By Steve Keating
TORONTO (Reuters) - A massive billboard with the smiling face of Toronto Maple Leafs sniper Phil Kessel looks down on all those who enter the Air Canada Centre.
But the reclusive winger had little reason to smile on Monday as his team's first home playoff game in nine years ended in a 5-2 loss to the Boston Bruins, leaving Toronto trailing the best-of-seven Eastern Conference quarter-final 2-1.
Despite four productive seasons in a blue-and-white Maple Leafs jersey, Kessel's contributions have never been quite enough to satisfy the team's demanding fans.
Kessel found the back of the Boston net for the second consecutive game but was also guilty of a costly miscue that led to a shorthanded Bruins goal and gave the visitors a 4-1 second period lead.
"I thought we worked hard and did a lot of good things but our execution level and the mistakes that we made aren't going to allow us to win a hockey game," lamented Toronto coach Randy Carlyle. "You have to give the opposition credit, they came in they played hard, they forced us and we made some mistakes and they won the hockey game."
Painfully shy, Kessel, unless pressed, rarely shares his thoughts with a veracious Toronto media and was nowhere to be seen following Monday's game, his skates hung up in an empty locker leaving linemate Tyler Bozak to sum up his performance.
"I thought he played good," Bozak told reporters. "He generated a lot of shots for himself, he set up plays to me and a few other guys, the puck was around him a lot, he was carrying it so I thought he did a good job."
A pure scorer with blazing speed and a lightning quick release, Kessel has been Toronto's leading scorer every season since Boston traded him to Toronto four years ago.
He has generated 119 regular season goals for the Leafs but just three have come against his former team.
The 25-year-old winger was held scoreless by Bruins during the regular season, the frustration and criticism mounting with each barren shift.
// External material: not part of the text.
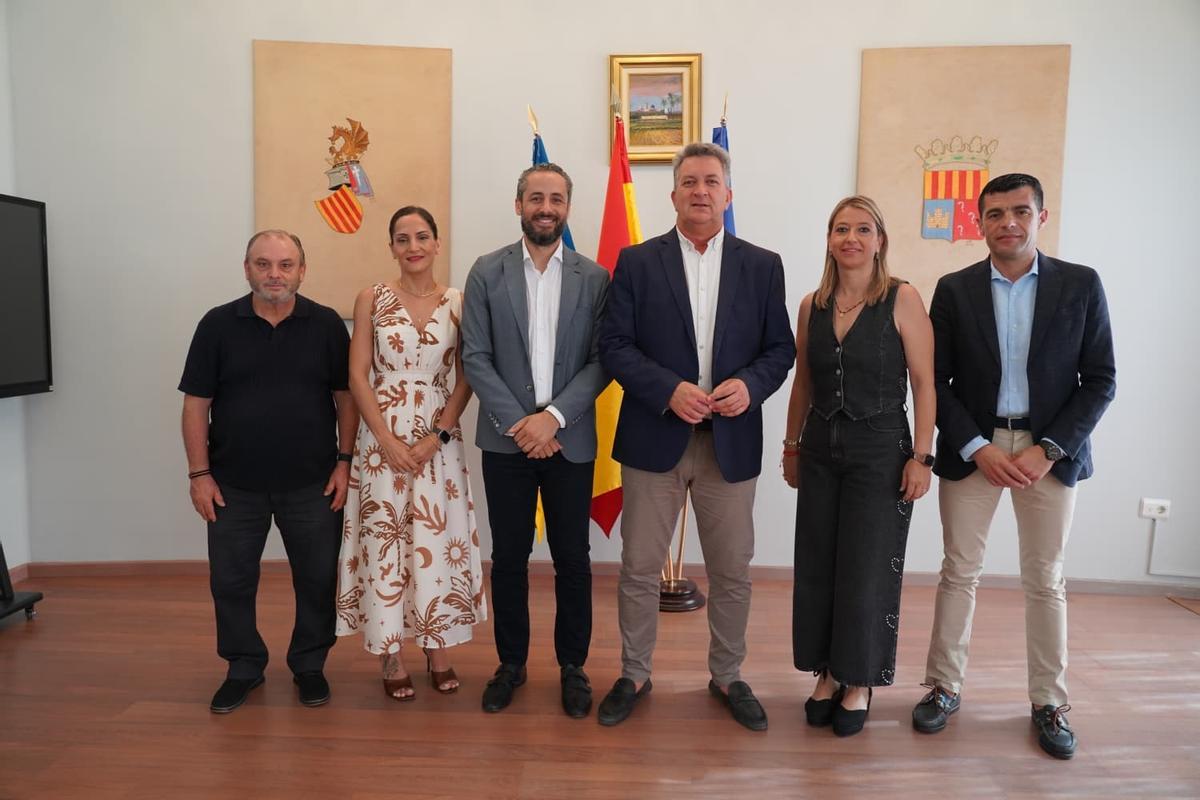 Fimar del protocolo de reconstrucción entre la conselleria de Infraestructuras y el Ayuntamiento de Alcàsser.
The Bruins have been Kessel's personal nemesis ever since he was dealt to Leafs in September 2009 for Toronto's first and second round picks in the 2010 NHL draft and another first round selection in 2011.
It was a viewed as a spectacularly high price to pay for a gifted but one-dimensional player.
The Bruins used the 2010 pick to select highly-rated Tyler Seguin second overall and in 2011 grabbed Dougie Hamilton. It is those two talents against which Kessel's value is weighed.
Bruins fans certainly believe they came away the big winners in the trade, gleefully gloating with a chant of "Thank you, Kessel" each time Sequin scores against Toronto.
It is a trade that has obsessed Leafs Nation.
Dissected time-and-time again, there remains no clear verdict about who won one of the most controversial trades ever consummated by the Original Six rivals.
Kessel's performance in his first playoff series with the Leafs will not end the debate but only add to it.
Part of key to Kessel contributing more to the Toronto cause will lie with Carlyle and his ability to keep his leading scorer away from towering Bruins defenseman Zdeno Chara, who has shadowed the two-time All-Star and driven him to distraction.
Carlyle says that no matter how he juggles his lines, Kessel is going to find himself matched up against Chara and will have to find a way to meet the challenge.
"It's not as easy as you think knowing he (Chara) is going to be out there for every defensive zone faceoff," explained Carlyle. "You can try and work around it but in some situations you have to play your offensive players.
"There were shifts he had to play against Chara. That has to happen sometimes."